Doubt and Awe
7th Sunday Easter: Ascension – Doubt and Awe
For forty days they watched him carefully. Listened so that the eye of their hearts could really be enlightened by his message, his mission …
This unassuming carpenter from out-of-nowhere turns their lives upside down, promising a Kingdom of true freedom and mercy found only in Him. He heals the sick. Fights religious ignorance. Loves the outcasts. Promises to feed them with his own body and blood.
And then he dies on a cross, a criminal among common criminals.
We’re told by numerous witnesses that he reappears after his death, turning-up in ways and places that weren’t expected: on the beach; near the tomb; on a road leaving Jerusalem. These stories don’t always seem to gel with one another, either … proving that something truly happened post-Calvary that deeply affected the band of followers – many fewer now – that did truly change their hearts.
The Beatitudes made more sense now, as did the teachings about forgiveness and humble service.
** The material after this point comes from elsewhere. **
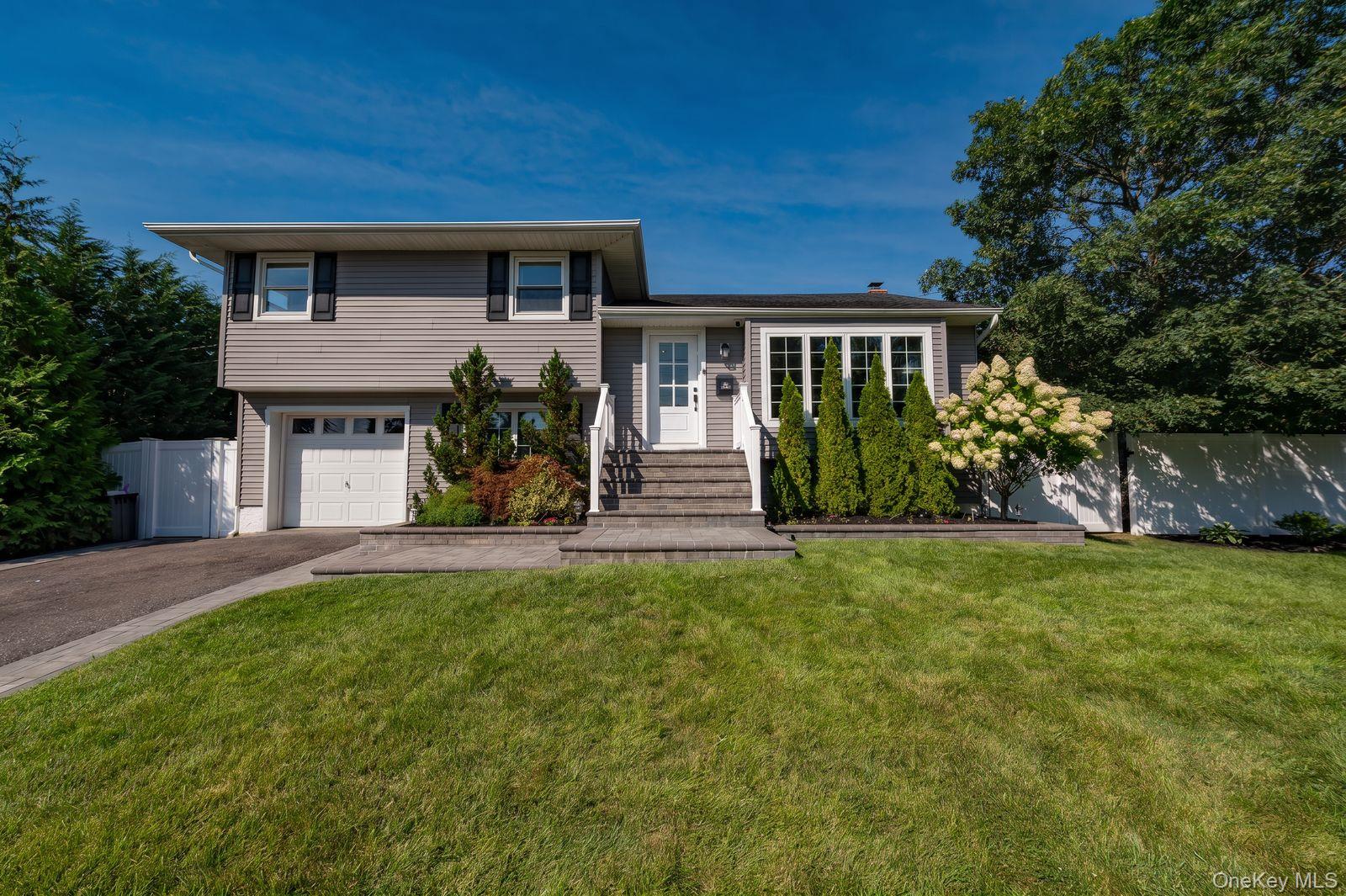 1814 Robin Lane – For Sale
They looked with compassion — not scorn or pity — on the lowly and forgotten, and then did something about it. They began to talk more intently about that was burning within them, although they were still very much afraid.
And, perhaps most importantly, the suffering they endured – much of it brought on by their own sinfulness and abandonment of Christ at his hour of need – became the very source of their renewed faith – their authentic faith – in God.
Those 40 Easter days – whatever they looked like for the original disciples – gave them a powerful experience with the Risen Lord that began to build the framework of the Body of Christ – the living Church – for which He died.
I’m sure they thought He’d stay forever as He was now – as we, too, will one day be in glory.
And then – just like that – He up and left them.
“Why?” they asked. And they must have looked somewhat dumbfounded as it happened. As Luke reports in the Acts of the Apostles: they just stood there looking up at the sky.
Frozen in fear, perhaps. Maybe awe, too.
(Catholics are usually both/and, not either/or people – so this is fitting.)
Thus, in fear and awe they are trying to figure out this new wrinkle in their journey of faith: this Jesus is alive; dead; risen; and now gone again. What gives?
Everything, as it turns out.
Christ gives us everything.
And so, in order to do this, He had to return to his Father in Heaven.
This feast of the Ascension is important, although often misunderstood, for the very fact that Christ – who is the Son of God and one with God the Father – had to return to the Kingdom where we are one day meant to go.
He leads the way. He intercedes for us there. And He ultimately goes so that the Spirit may come.
But he also ascends for one other reason: if he didn’t, we’d do nothing.
Let’s be completely honest here: we’d be clingy, as Mary Magdalen was in the Garden. We’d get lazy, expecting Him to take care of it all without us. We’d be demanding of Him, and never use the gifts God gave us in the first place.
And, honestly, our love for God probably wouldn’t be sincere.
So many of the spiritual masters and saints often make this point about the journey of faith: love only becomes real when it is tried by fire and tested in the darkness. Simply put: love really isn’t genuine if it’s easy.
Otherwise, we’d just take, and never give.
We’d expect to be waited-on, and never sacrifice ourselves.
We’d make the world all about us, and never others.
That’s what happens when love is “easy.”
Because, truthfully, if any of those statements apply to us above, we’re really not loving, at least not in the way Christ challenges us to love.
And He certainly does challenge.
The Gospel of Matthew ends with the very words we read in today’s Gospel: “Go, make disciples, baptize and teach.”
In other words, let your love for God – and His love in you –compel you to act.
Let that genuine love – forged in the crosses carried and in the moments of fear and doubt – be what we use to fulfill the great commission that each of us has been given at our Baptism.
Priests and popes, nuns and missionaries aren’t the only ones called to live the Ascension message. Every one of us – we the Church begun at Calvary and Pentecost – are all called to take the power that the Risen Christ has given us and use it in His Name to remind the world of its dignity…
To show each and every person that he or she is a beloved child of God, no exceptions.
And to live in such a way that your life and mine becomes this beacon of light and hope when the forces of darkness and despair seem to encroach. It can feel that way often, especially these days.
But if the Ascension story tells us anything, it is this: we are called to build the Kingdom right in the spot we are standing, and we must not be afraid to start building now.
Little ways often make the strongest foundations: pray for someone you haven’t thought of in a while; forgive someone through God’s grace; reach out this week to someone who needs to hear your voice.
Don’t wait, and never be afraid. For Christ says: “Behold, I am with you always until the end of the age.”